WORK ORDER >>
Take the line containing "Charcuterie board accessories" and every line below it through the end of the entries, and output them verbatim, pictures excluded.

-------------------------

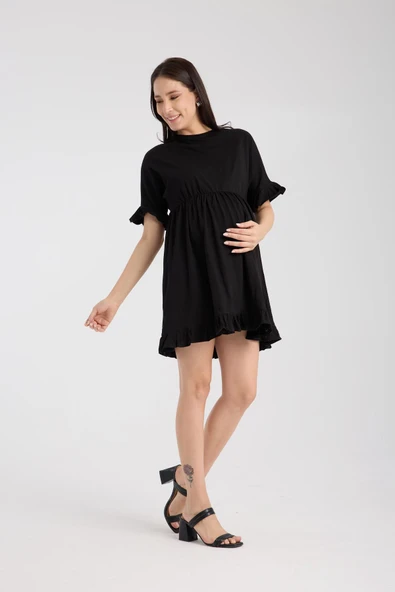 IŞŞIL 1169-FırFırlı Kol Pamuk Penye Hamile Giyim OverSize Tunik - 3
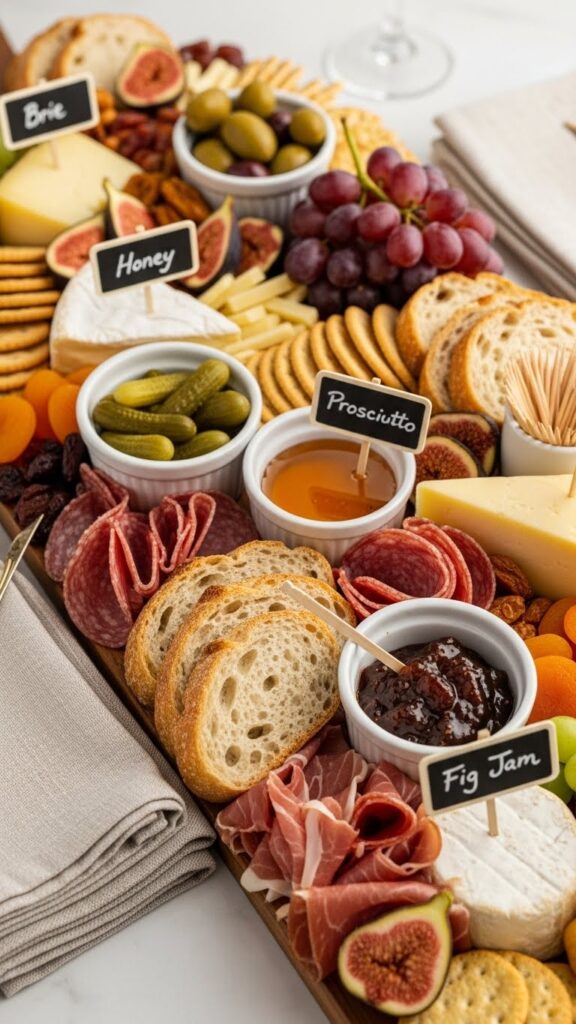 Charcuterie board accessories including small bowls, toothpicks, and napkins
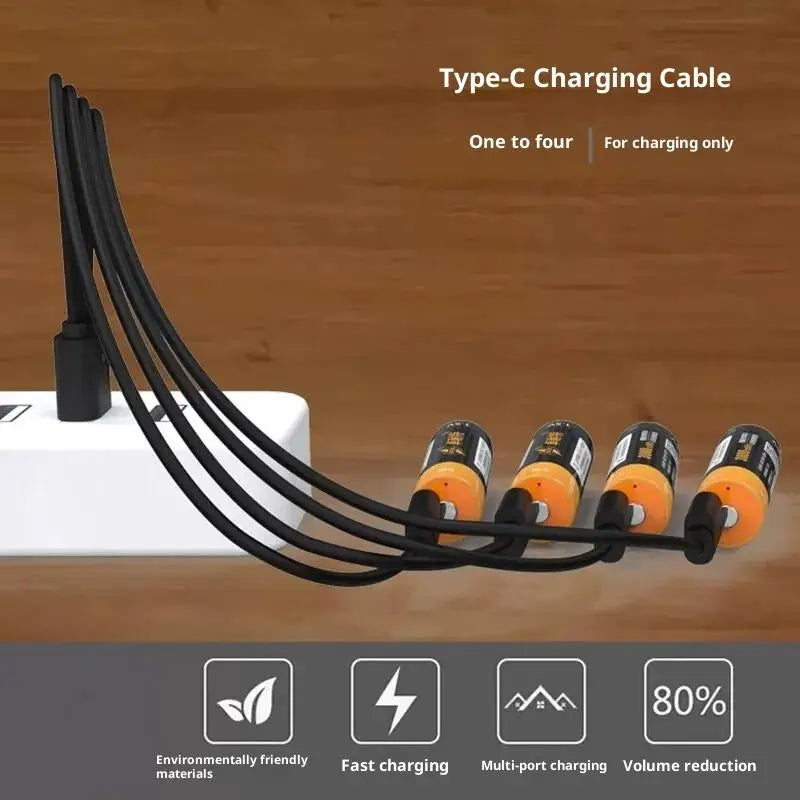 1Pcs 4 in 1 Data Cable Fast Charging 1 to 4 Type-C USB Flash Charging Mobile Phone Accessories All Phone Users Hot Sale New 2026 Oasis Select
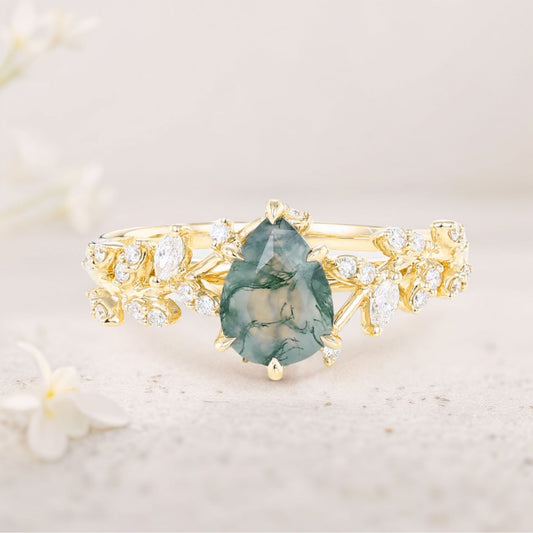 Unique floral engagement ringsPear Moss Agate Leaf Engagement Ring Mystical Garden Bridal Ring Promise Ring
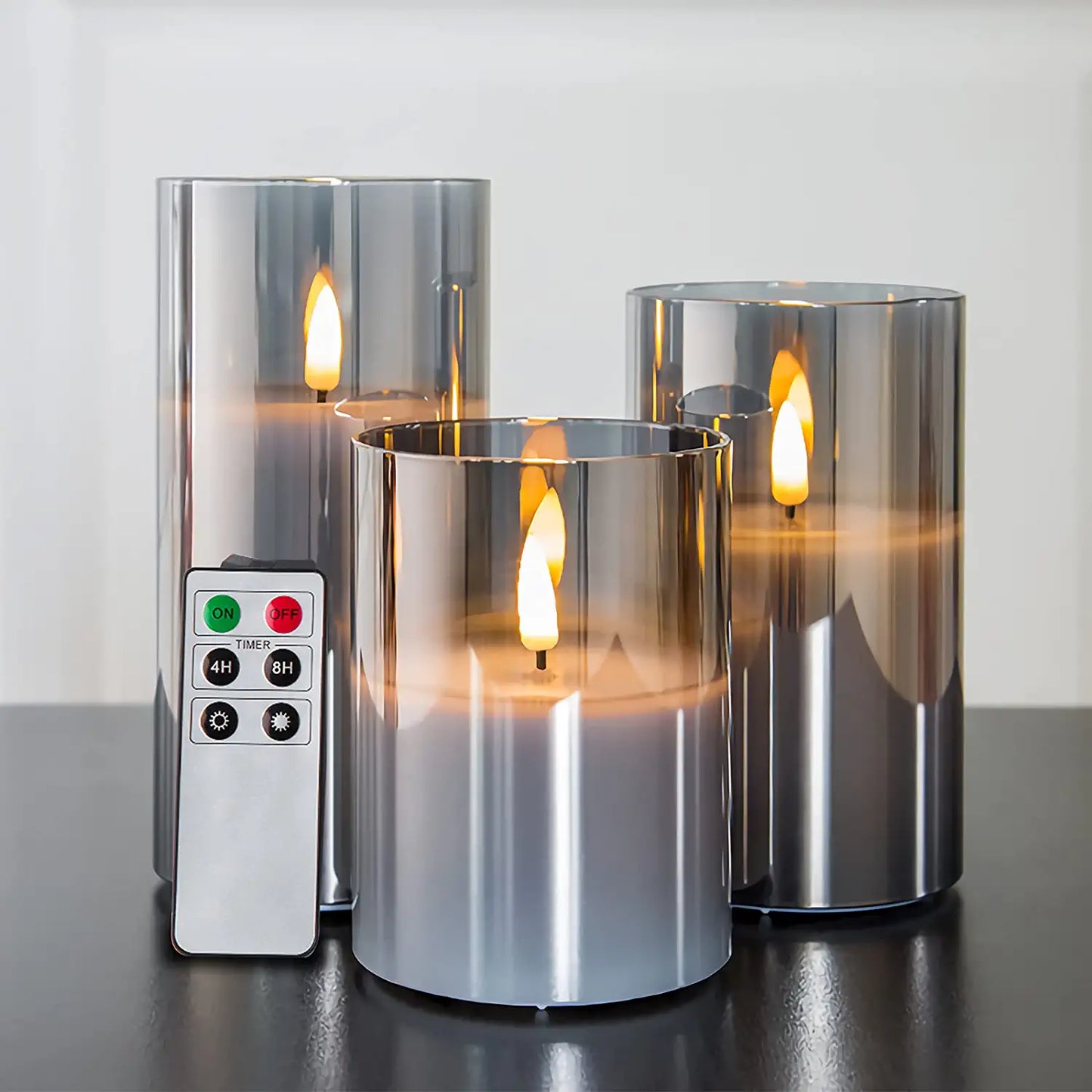 Glass Flameless Candles with Remote Battery Operated Flickering LED Pillar Candles Real Wax Wick 3 Pack D 3" H 4" 5" 6" Grey
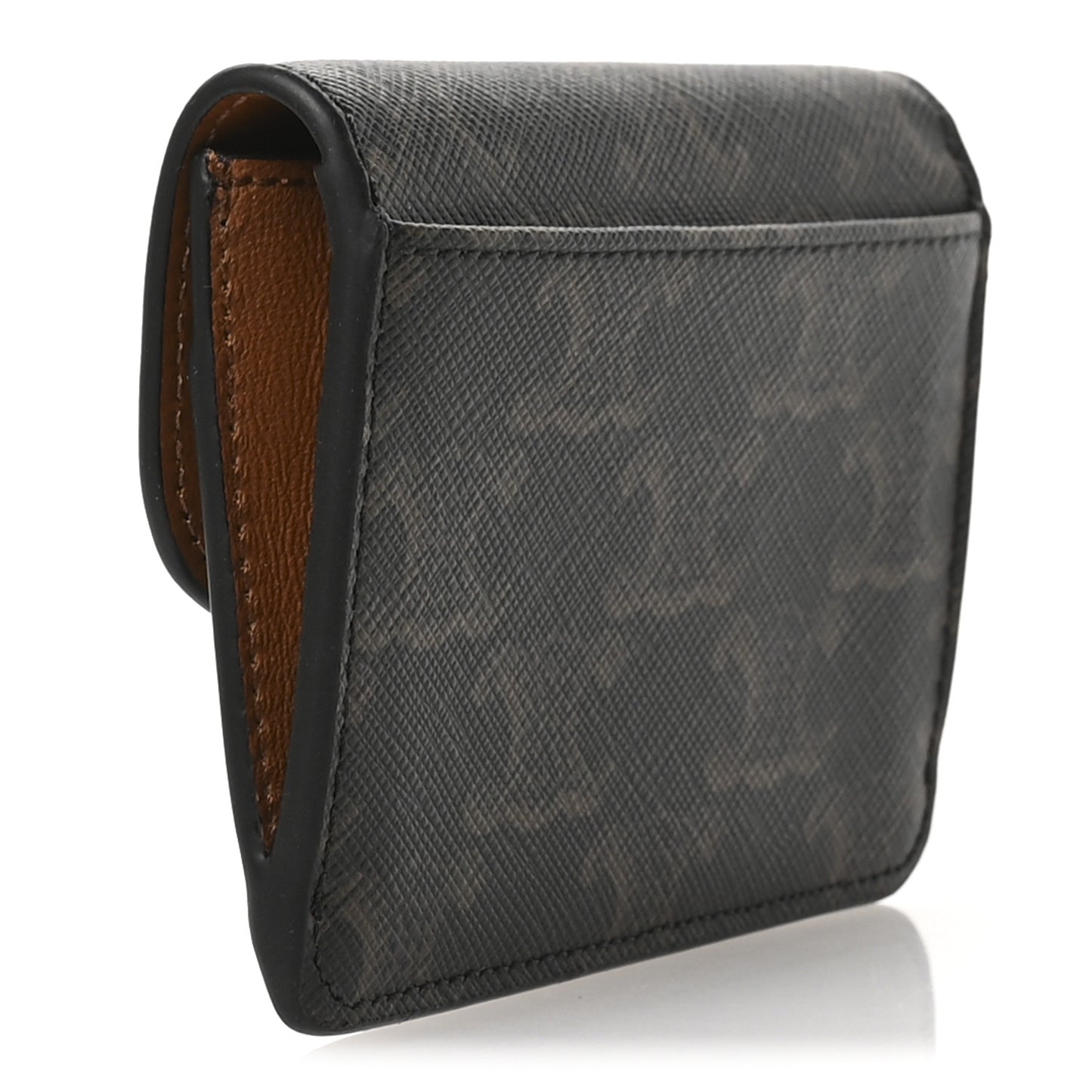 Triomphe Canvas Calfskin Flap Card Holder Tan
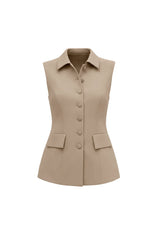 Womens Khaki Tops Button Down Suit Vest | CicyBell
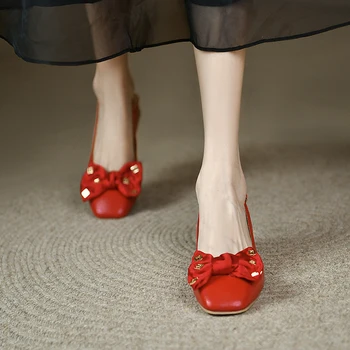 Женская обувь 2023, Высококачественные современные женские босоножки с закрытым носком, Летние легкие повседневные сандалии, женские квадратные каблуки с узлом-бабочкой
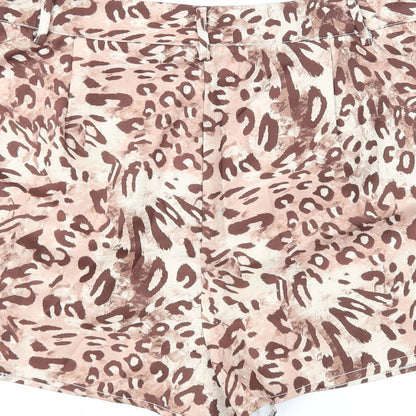 Missguided Womens Brown Animal Print Polyester Hot Pants Shorts Size 10 Regular Zip - Leopard Print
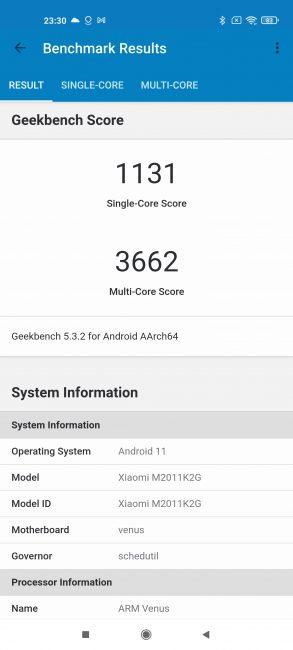 Resultado en Geekbench con el Xiaomi Mi 11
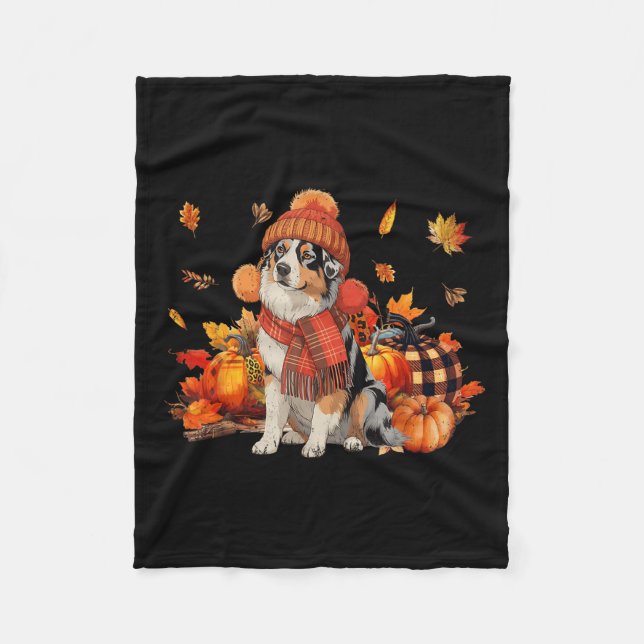 Australian shepherd Hund Fall Scarf Leopard Pumpki Fleecefilt (Framsidan)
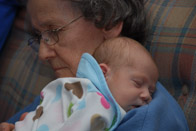 Granny enjoying Olivia, February 2010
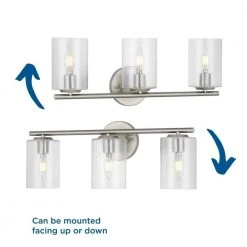 Hampton Bay Champlain 22.375 in. 3-Light Brushed Nickel Modern Bathroom Vanity Light with Clear Glass Shades -Hampton Bay Shop brushed nickel and clear glass hampton bay vanity lighting 1023hbbndi 31 1000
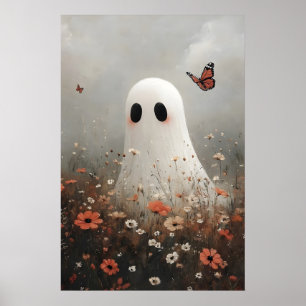 Póster Fantasma en Amapolas de Campo Estampa de Retrato,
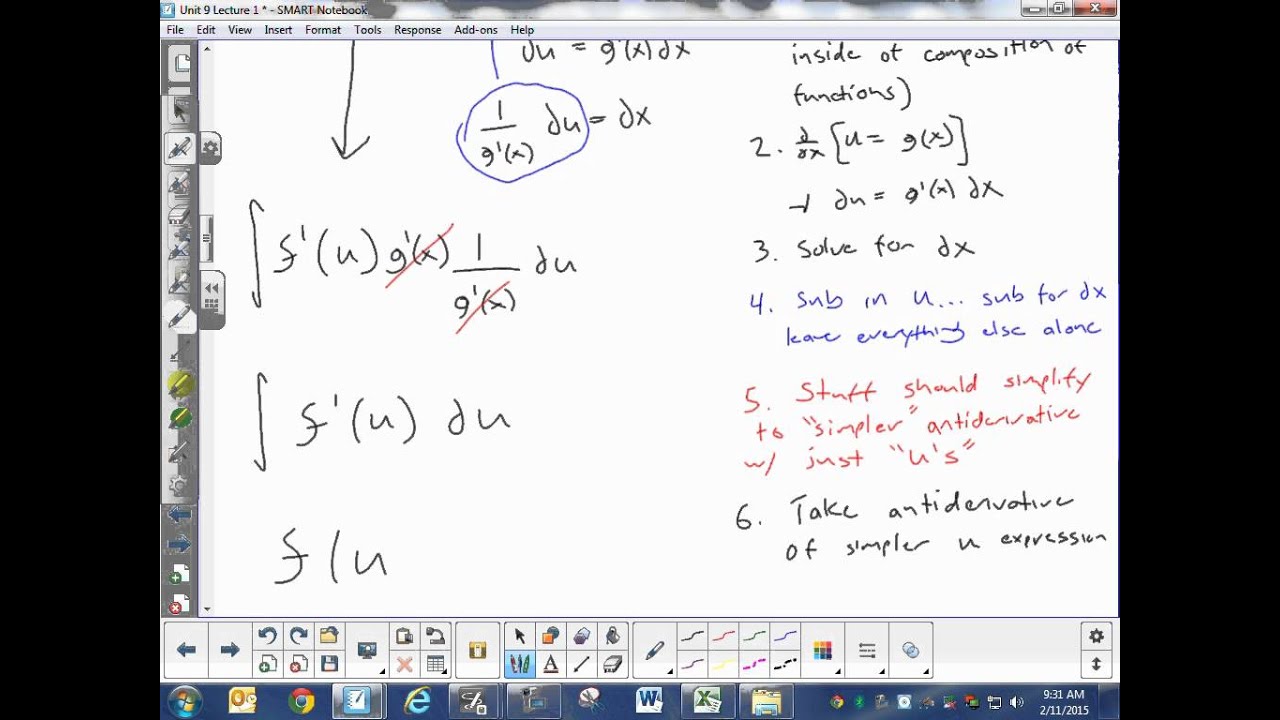 Unit 9 Lesson 1 - U Substitution - YouTube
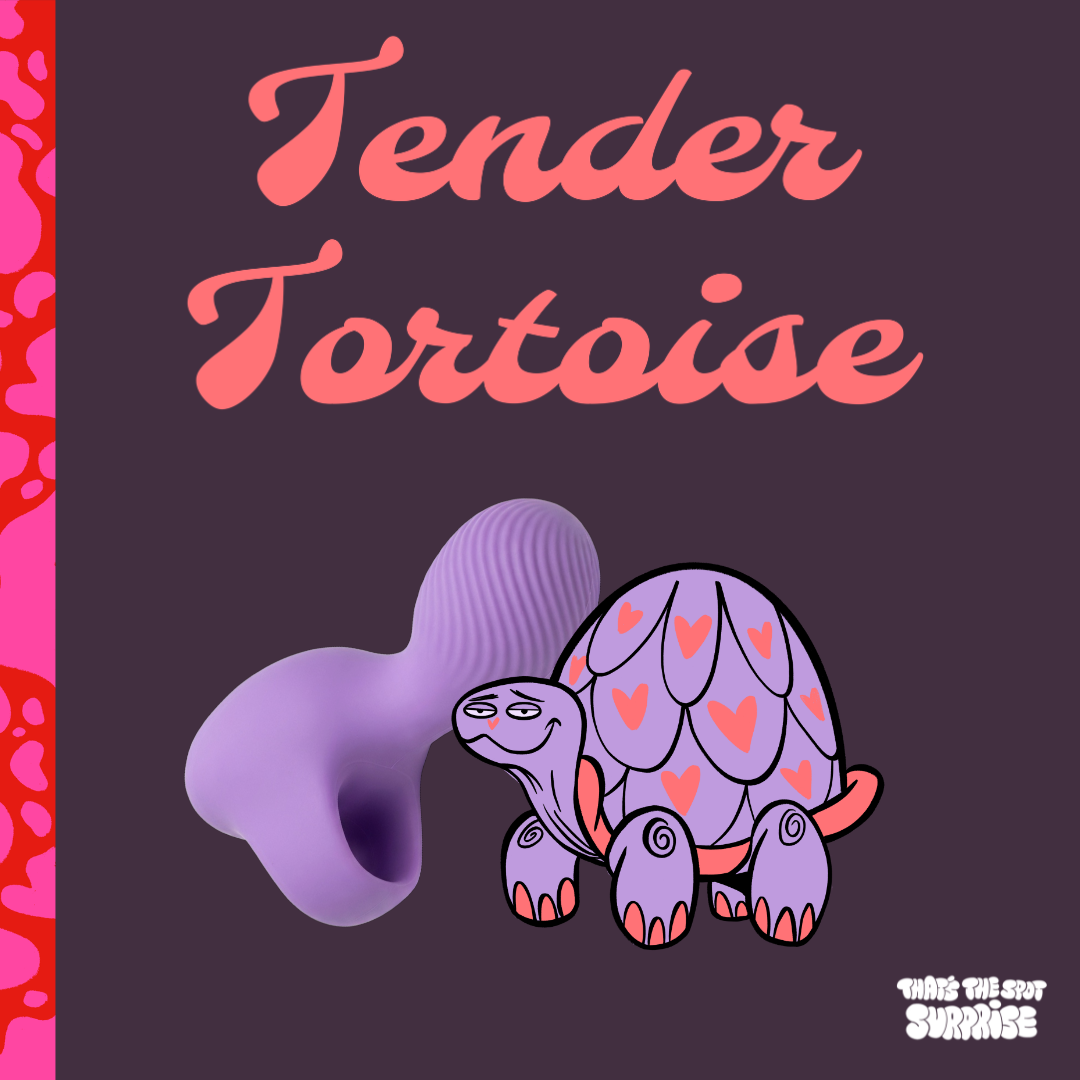 Tender Tortoise, a purple turtle character and purple mini-finger vibrator from That's The Spot Surprise blind box.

-------------------------

OUTPUT >>
 Charcuterie board accessories including small bowls, toothpicks, and napkins
 1Pcs 4 in 1 Data Cable Fast Charging 1 to 4 Type-C USB Flash Charging Mobile Phone Accessories All Phone Users Hot Sale New 2026 Oasis Select
 Unique floral engagement ringsPear Moss Agate Leaf Engagement Ring Mystical Garden Bridal Ring Promise Ring
 Glass Flameless Candles with Remote Battery Operated Flickering LED Pillar Candles Real Wax Wick 3 Pack D 3" H 4" 5" 6" Grey
 Triomphe Canvas Calfskin Flap Card Holder Tan
 Womens Khaki Tops Button Down Suit Vest | CicyBell
 Женская обувь 2023, Высококачественные современные женские босоножки с закрытым носком, Летние легкие повседневные сандалии, женские квадратные каблуки с узлом-бабочкой
 Missguided Womens Brown Animal Print Polyester Hot Pants Shorts Size 10 Regular Zip - Leopard Print
 Resultado en Geekbench con el Xiaomi Mi 11
 Australian shepherd Hund Fall Scarf Leopard Pumpki Fleecefilt (Framsidan)
 Granny enjoying Olivia, February 2010
 Hampton Bay Champlain 22.375 in. 3-Light Brushed Nickel Modern Bathroom Vanity Light with Clear Glass Shades -Hampton Bay Shop brushed nickel and clear glass hampton bay vanity lighting 1023hbbndi 31 1000
 Póster Fantasma en Amapolas de Campo Estampa de Retrato,
 Unit 9 Lesson 1 - U Substitution - YouTube
 Tender Tortoise, a purple turtle character and purple mini-finger vibrator from That's The Spot Surprise blind box.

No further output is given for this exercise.